**Records provided:**
::::

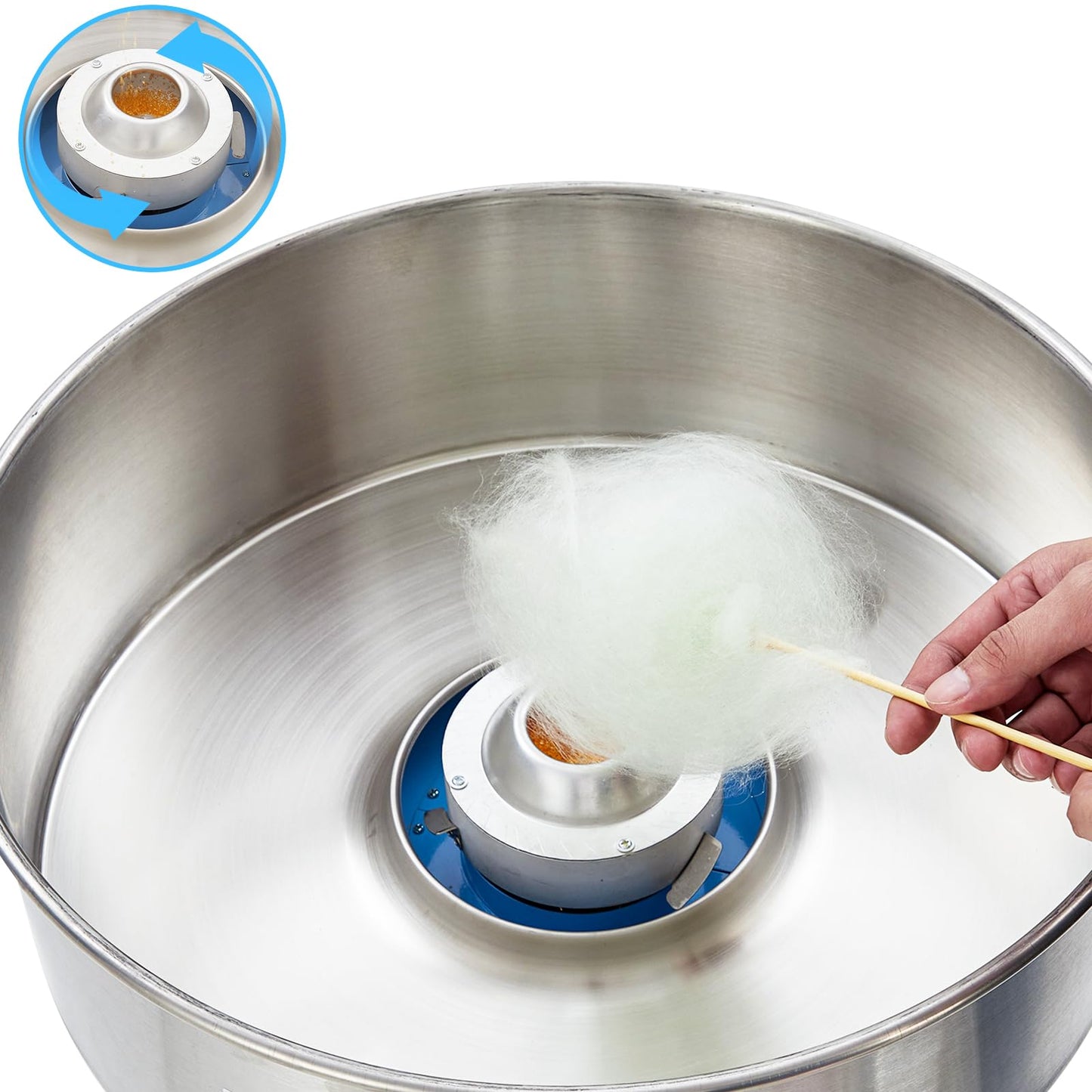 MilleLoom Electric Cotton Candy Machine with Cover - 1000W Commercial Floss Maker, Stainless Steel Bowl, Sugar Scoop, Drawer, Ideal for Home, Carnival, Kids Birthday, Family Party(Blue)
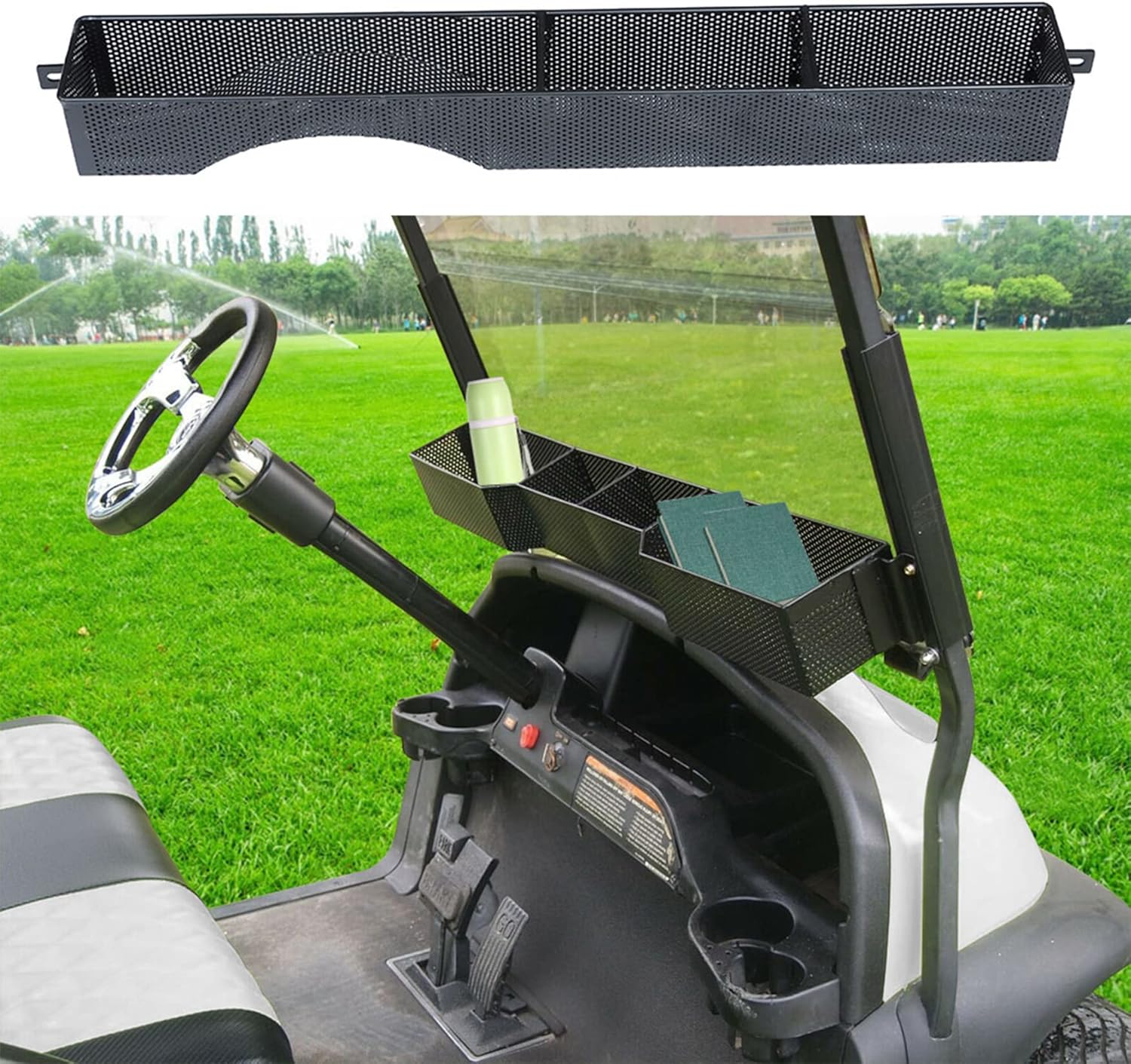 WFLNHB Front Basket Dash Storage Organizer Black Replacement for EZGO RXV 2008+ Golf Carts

::::

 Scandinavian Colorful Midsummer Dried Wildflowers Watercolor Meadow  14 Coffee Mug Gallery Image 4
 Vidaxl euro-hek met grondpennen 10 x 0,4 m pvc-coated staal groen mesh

::::

**Problem:** Extract from the material above the stretch running from the line containing "MilleLoom Electric Cotton" through the line containing "WFLNHB Front Basket". Keep the text exact and the pictures out.

**Result:**
 MilleLoom Electric Cotton Candy Machine with Cover - 1000W Commercial Floss Maker, Stainless Steel Bowl, Sugar Scoop, Drawer, Ideal for Home, Carnival, Kids Birthday, Family Party(Blue)
 WFLNHB Front Basket Dash Storage Organizer Black Replacement for EZGO RXV 2008+ Golf Carts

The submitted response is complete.